Wednesday’s stock market computer shutdown at the New York Stock Exchange was exaggerated in part by a very human problem.
As the market’s complicated computer infrastructure went into meltdown, the exchange announced it would cancel any affected trades.
One problem: All of those electronic trades had to be nullified manually.
“At the NYSE this is a manual process,” said Sal Arnuk, a principal at Themis Trading. “Is the NYSE technologically the most (robust) exchange in the world? No. The fact of the matter is the different exchange operators have diverse standards, different architecture. Some of them are more legacy than others. This is to be expected from time to time.”

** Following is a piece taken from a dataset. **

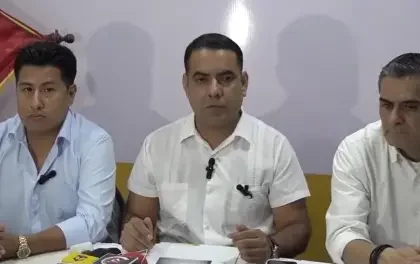 Vocal del TSE denuncia: “Acciones legales pretenden afectar el normal desarrollo de las Elecciones”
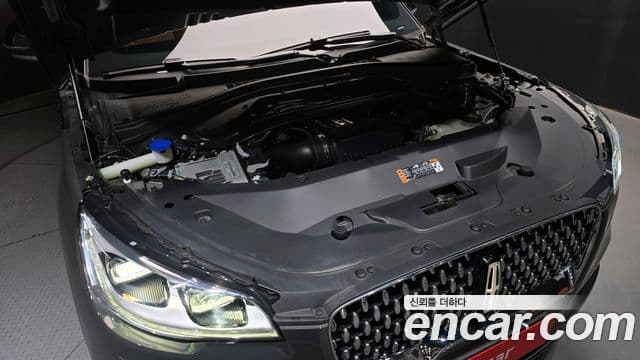 Lincoln Aviator 2세대 3.0 Black Label AWD, 2023 6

In reality, Arnuk, who along with Themis partner Joe Saluzzi has been a frequent critic of market structure, said this is one instance where fragmentation, or the far-flung nature of stock market trading venues, worked to its advantage.
Stocks are trading elsewhere, with the multiple other exchanges such as the Nasdaq, BATS, IEX, Archipelago and others in full vigor.
The quickest comparison for the NYSE glitch was the three-hour shutdown at the Nasdaq, the midtown New York exchange that trades mostly technology issues. The event, nicknamed the “flash freeze” happened on Aug. 22, 2013 and brought howls from some traders about how technology was creating its own problems in the markets.
In that case, the problem was traced to a SIP, or a Securities Information Processor, a device that provides price feeds to traders.
Though the issue caused a degree of market mayhem similar to Wednesday’s NYSE event, the actual damage was minimal. Both events occurred on days when trading volume was low and thus helped mitigate problems.
NYSE floor trading accounts for about 25 percent for total NYSE composite volume.